Work to complete: Transcribe the listing verbatim. Do not carry over any pictures.

..............................

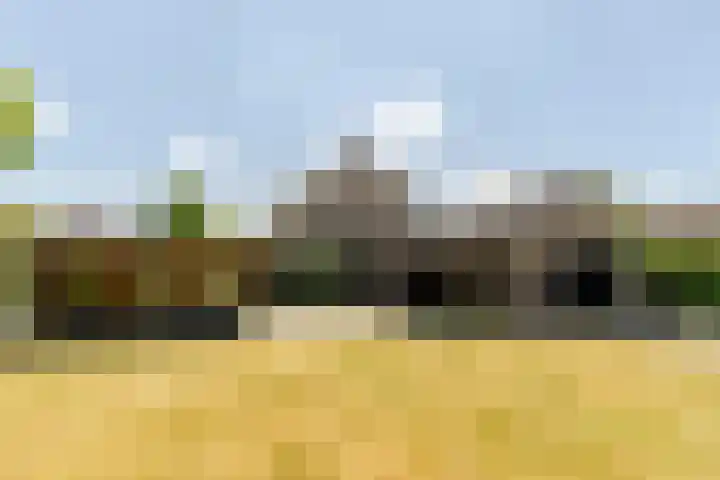 Vincent van Goghstraat 1 Helvoirt thumbnail 33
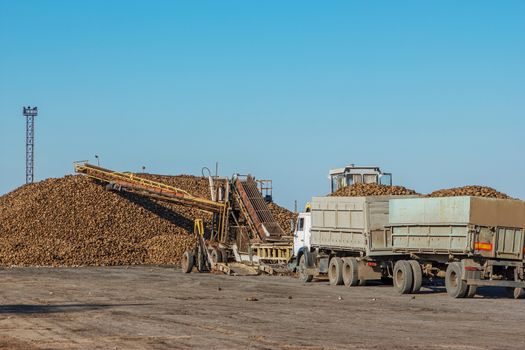 sugar beet harvest - truck waiting in front of off-loaded beet in factory for the production of sugar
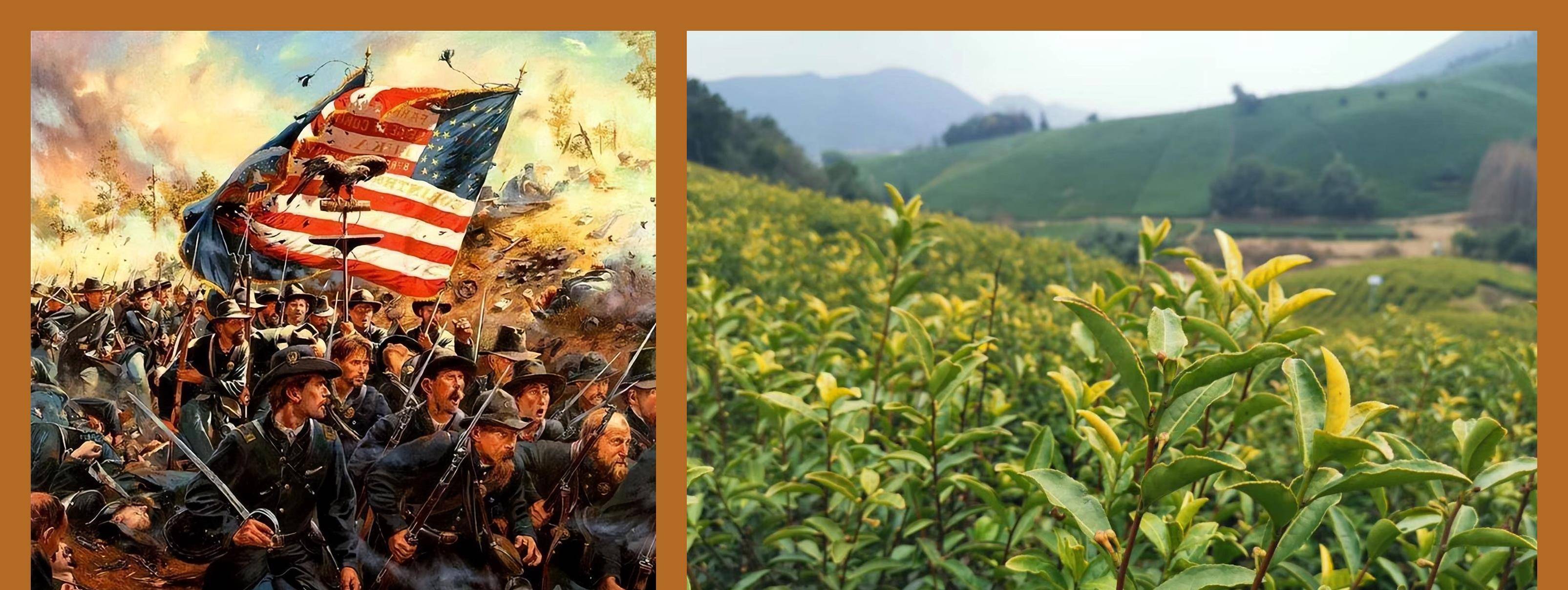 中国茶叶的力量：二百多年前撬动了美国的独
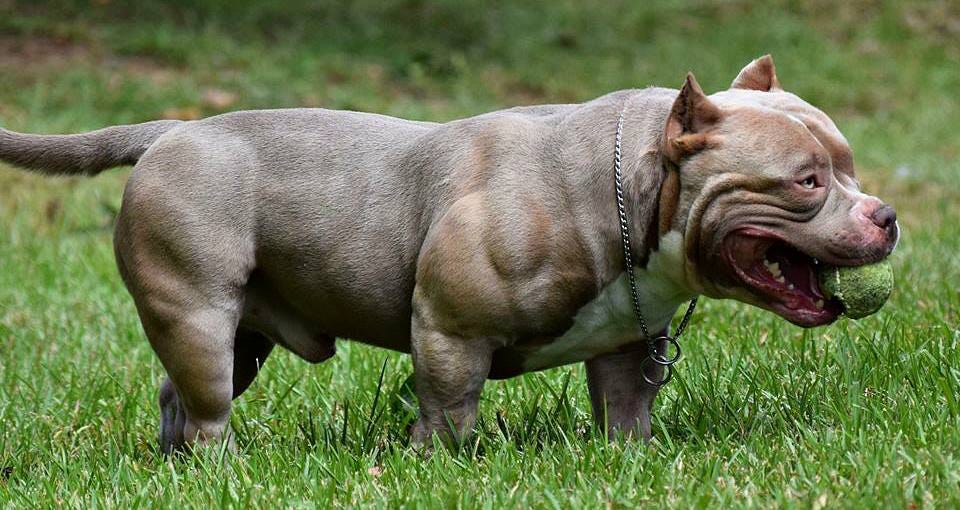 TOP PRODUCING POCKET BULLY STUD, LOUIS V LINE'S VENOM PRODUCTIONS, (UPDATED 2022), by BULLY KING Magazine, BULLY KING Magazine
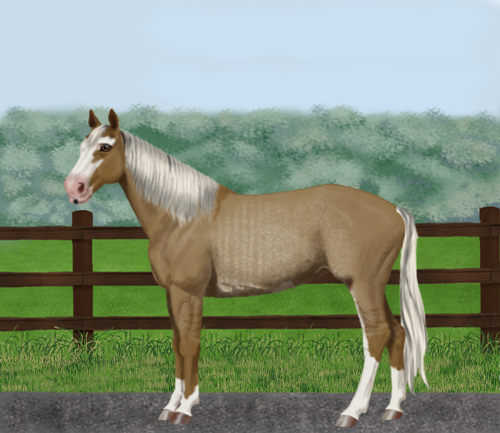 horse image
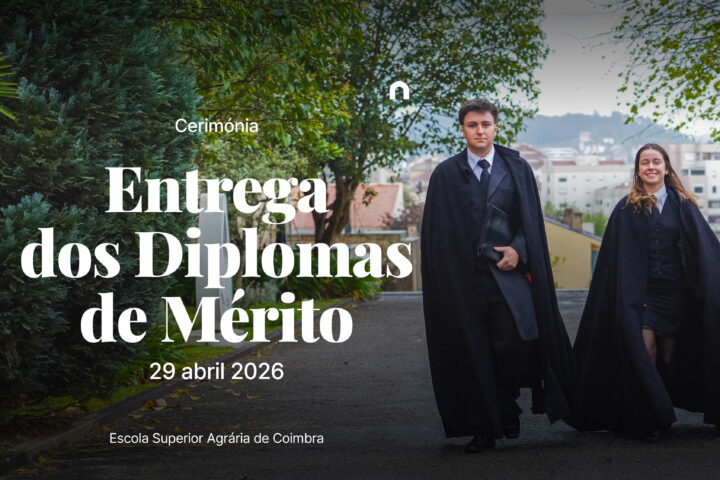 Cerimónia de Entrega de Bolsas de Mérito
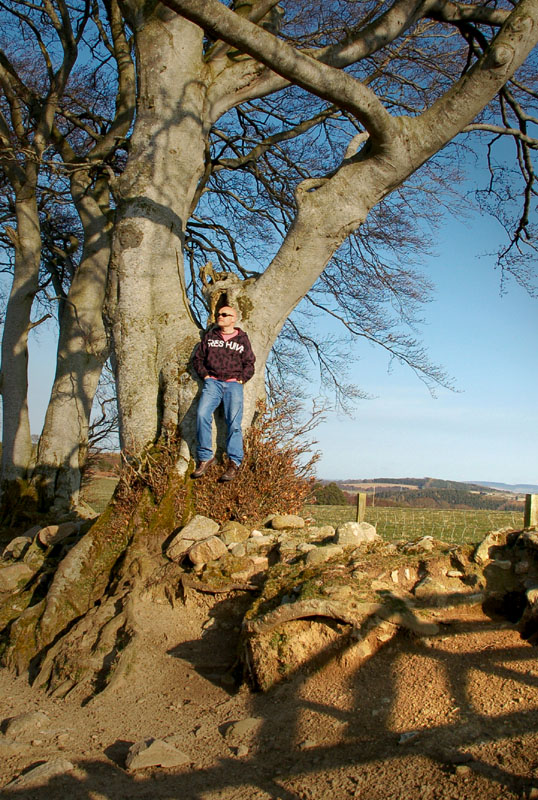 20th April 2008 <br> a tree and me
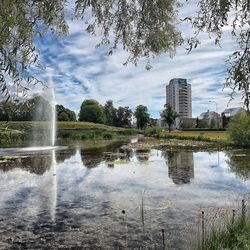 Reflection of trees on water in city against sky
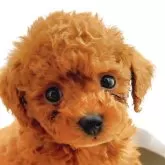 タイニープードル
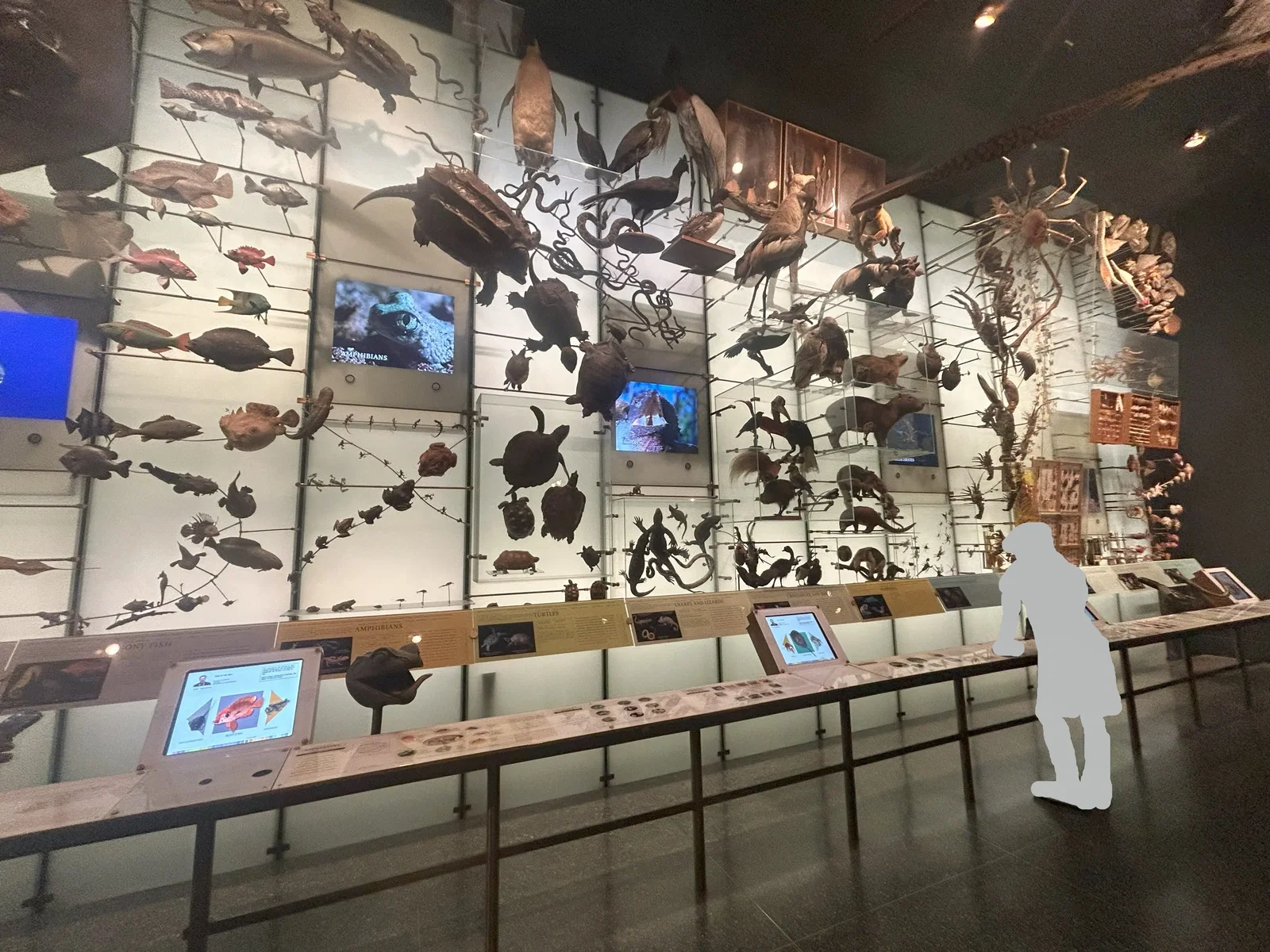 Museo Americano de Historia Natural • Aspi* Korner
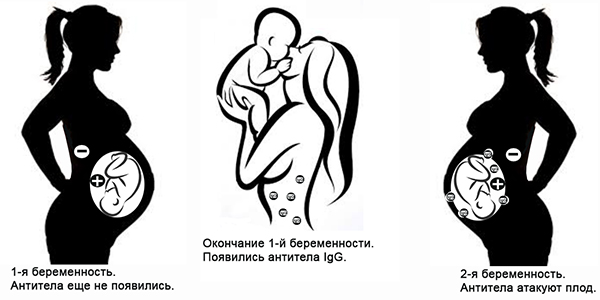Схематическое изображение первой и второй беременности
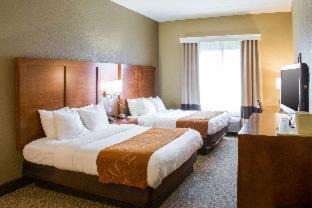 Grand Rapids Hotel | Relax at Comfort Suites Grand Rapids South with Pool & Hot Tub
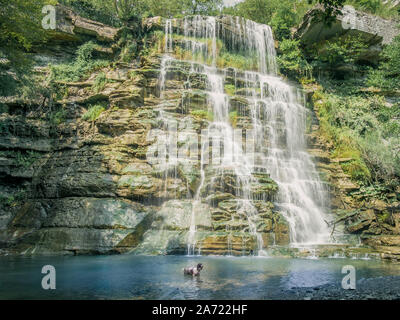 Dog is having fun under the Alferello creek waterfall. Alfero, Forlì-Cesena, Emilia Romagna, Italy. Stock Photo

..............................

Written solution:
 Vincent van Goghstraat 1 Helvoirt thumbnail 33
 sugar beet harvest - truck waiting in front of off-loaded beet in factory for the production of sugar
 中国茶叶的力量：二百多年前撬动了美国的独
 TOP PRODUCING POCKET BULLY STUD, LOUIS V LINE'S VENOM PRODUCTIONS, (UPDATED 2022), by BULLY KING Magazine, BULLY KING Magazine
 horse image
 Cerimónia de Entrega de Bolsas de Mérito
 20th April 2008 <br> a tree and me
 Reflection of trees on water in city against sky
 タイニープードル
 Museo Americano de Historia Natural • Aspi* Korner
Схематическое изображение первой и второй беременности
 Grand Rapids Hotel | Relax at Comfort Suites Grand Rapids South with Pool & Hot Tub
 Dog is having fun under the Alferello creek waterfall. Alfero, Forlì-Cesena, Emilia Romagna, Italy. Stock Photo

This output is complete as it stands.